Docker version 20.10.10, build b485636te
I also successfully checked the docker via:

sudo docker run --rm --gpus all nvidia/cuda:11.0-base nvidia-smi

  1. Open faster_rcnn.ipynb using jupyter notbook command

  2. Successfully perform all steps till the command:

!tao faster_rcnn dataset_convert --gpu_index $GPU_INDEX -d $SPECS_DIR/frcnn_tfrecords_kitti_trainval.txt
-o $DATA_DOWNLOAD_DIR/tfrecords/kitti_trainval/kitti_trainval

The following error is rasied:

2021-11-01 17:10:17,233 [INFO] root: Registry: ['nvcr.io']
Docker instantiation failed with error: 500 Server Error: Internal Server Error ("driver failed programming external connectivity on endpoint loving_bartik (10eba83b455ca5b712df335b610cd57c9f66c7657503fc3b2db3f52ce7f0e637): Error starting userland proxy: listen tcp4 0.0.0.0:8888: bind: address already in use")

When is perform this command:

docker container ls -a

I’m getting an empty table.

Please advise.

Why did you trigger nvidia/cuda:11.0-base docker? Can you trigger tao docker instead?

Thanks for your quick response,

As I tried to explain above, I used the nvidia/cuda:11.0-base docker just to verify that the docker together with nvidia runtime container were installed correctly as asked to perform in this link:
nvidia runtime container

This sanity docker successfully run and show all NVIDIA driver information which I previously installed in my machine.

But when I’m trying to run the TAO docker faster_rcnn commands shuch as dataset_convert or train for example I got the error I mentioned above.
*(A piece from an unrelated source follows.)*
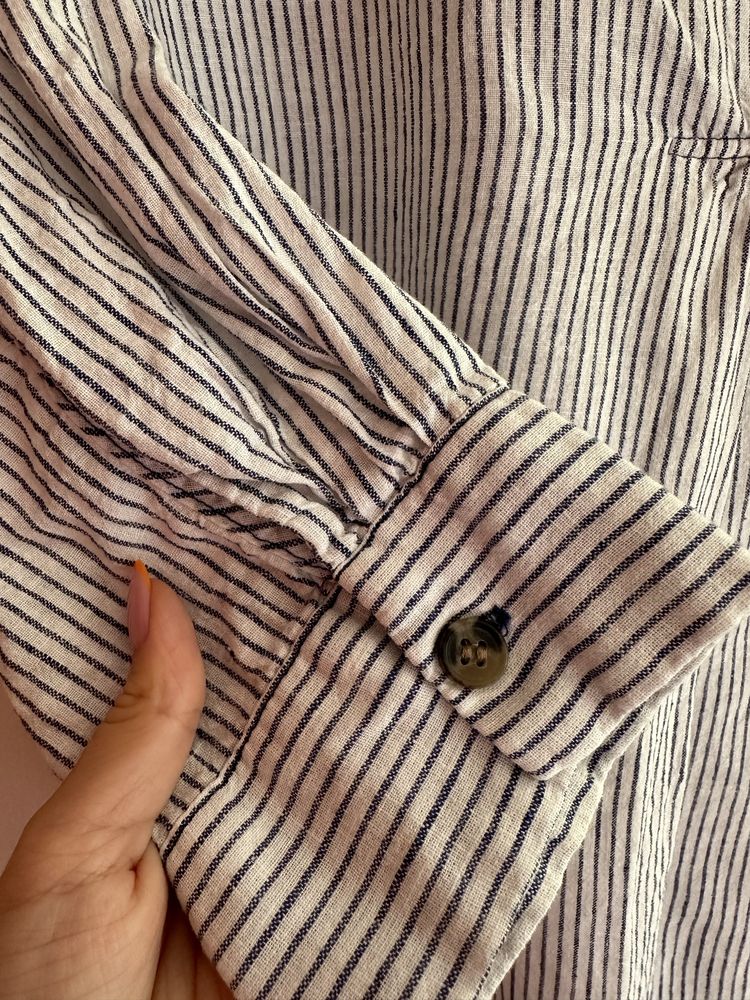 Ленена риза H & M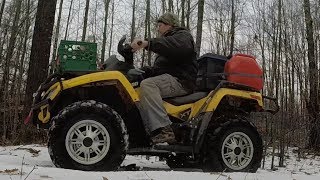 Canadian Wilderness Living at my Off Grid Cabin [upl. by Koressa]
To narrow down, please run in your host instead of Jupyter notebook.
$ tao faster_rcnn run /bin/bash

Then,
#dataset_convert -d $SPECS_DIR/frcnn_tfrecords_kitti_trainval.txt
-o $DATA_DOWNLOAD_DIR/tfrecords/kitti_trainval/kitti_trainval

Thanks,
I tried to perform the following command:

tao faster_rcnn run /bin/bash

And the following error raised:

2021-11-03 11:23:50,780 [INFO] root: Registry: ['nvcr.io']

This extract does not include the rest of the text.